Menurut Nendar, permasalahan yang dipersoalkan oleh para buruh dari PT Lina Jaya Persada adalah, kepesertaan BPJS Kesehatan yang bermasalah, alat pelindung diri yang dibebankan kepada karyawan, adanya pengekangan hak berserikat, adanya sistem kerja 24 jam, denda keterlambatan masuk kerja sebesar Rp10.000 dan Rp1000 ditiap menitnya, pemotongan upah tidak hadir bekerja lebih besar ketimbang upah hadir perharinya.
Apabila sakit dan tidak masuk bekerja, para buruh hanya dibayar Rp35.000 perharinya.
Sementara permasalahan yang dilakukan PT. PT Nadira Kencana Persada, diantaranya adalah sekitar 40 persen karyawan sudah masuk bekerja pada 2015 lalu telah dipotong BPJS Ketenagakerjaan. Namun baru didaftarkan pada Agustus 2016.

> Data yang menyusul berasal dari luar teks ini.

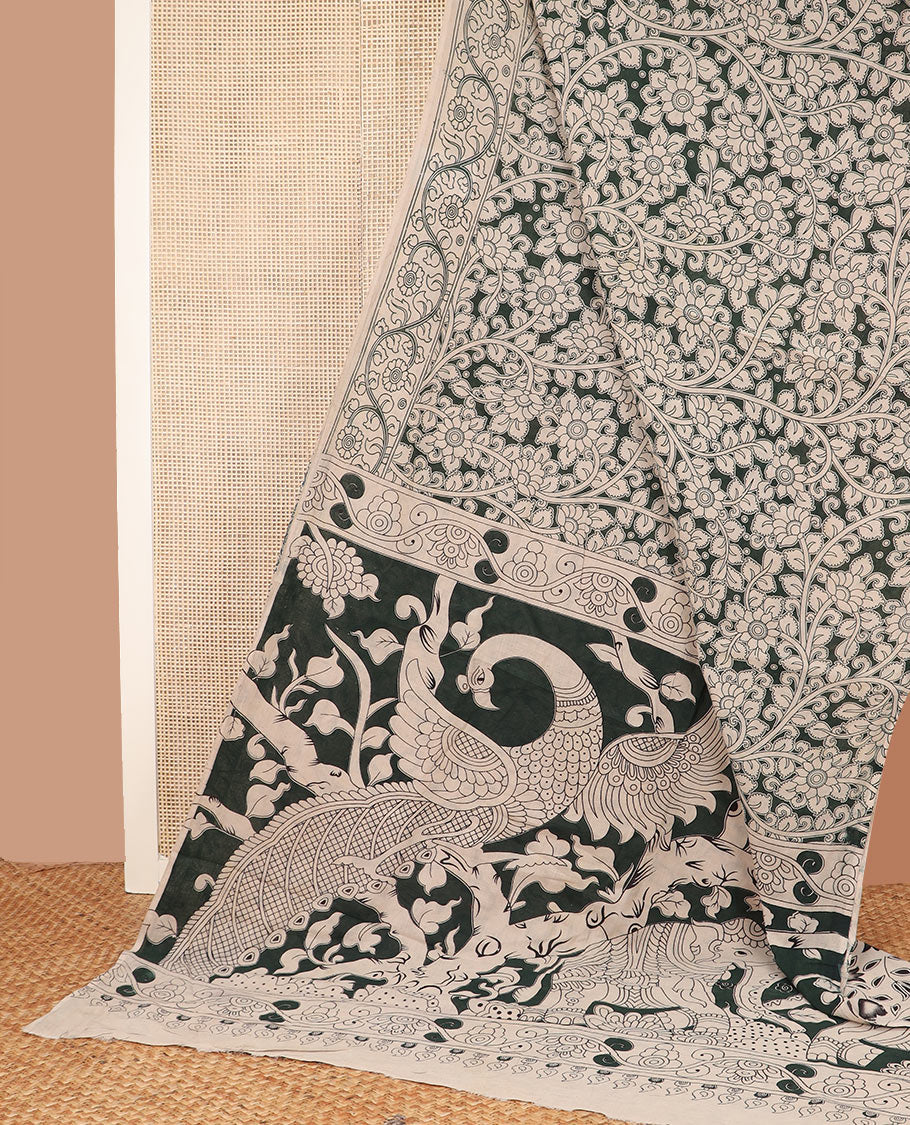 Deep green floral vine machine-printed kalamkari cotton saree, floral creeper printed border, and pallu of animal motifs print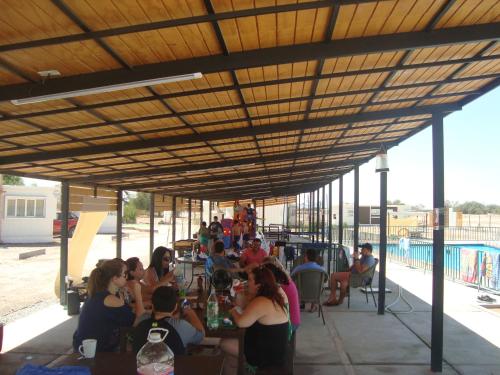 um grupo de pessoas sentadas em mesas sob um pavilhão em Cabañas Ecodesert em La Tirana
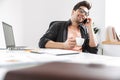 Joyful handsome man in eyeglasses talking by smartphone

“Lebih mirisnya, PT Nadira Kencana Persada sampai Desember 2016 saldo JHT (Jaminan Hari Tua) mereka hanya disetorkan baru dua bulan saja. Bahkan, kami menemukan adanya dugaan pungli disetiap bulannya sebesar Rp50 ribu per karyawan dengan dalih potongan SDM.
Semua tuntutan para buruh telah disertai dengan bukti-bukti yang konkrit. Kami belum mendapatkan titik temu. Semua tuntutan para buruh belum mendapatkan jawaban yang pasti. Untuk itu, kami berencana akan melakukan mediasi kembali antara PT Lina Jaya Persada, PT Tahta Djaga Internasional, PT Nadira Kencana Persada dengan Managament PT SCG pada Rabu (7/1) mendatang,” paparnya.
Sementara, Admin PIC PT Lina Jaya Persada, Oesman mengatakan, pihaknya mengakui kekurangan dan kesalahan presedur pembelian alat keamanan yang dibebankan kepada para karyawan.
“Kami mengaku salah telah melakukan pengekangan berserikat terhadap karyawan. Pemberlakuan kerja bagi karyawan borongan 24 jam. Saya mengakui merupakan kesalahan prosedur dari managemen.
Dengan kesalahan prosedur tersebut, maka managament PT Lina Jaya Persada akan melakukan rapat intern antara pemilik perusahaan dan managament,” pungkasnya. (cr13/t)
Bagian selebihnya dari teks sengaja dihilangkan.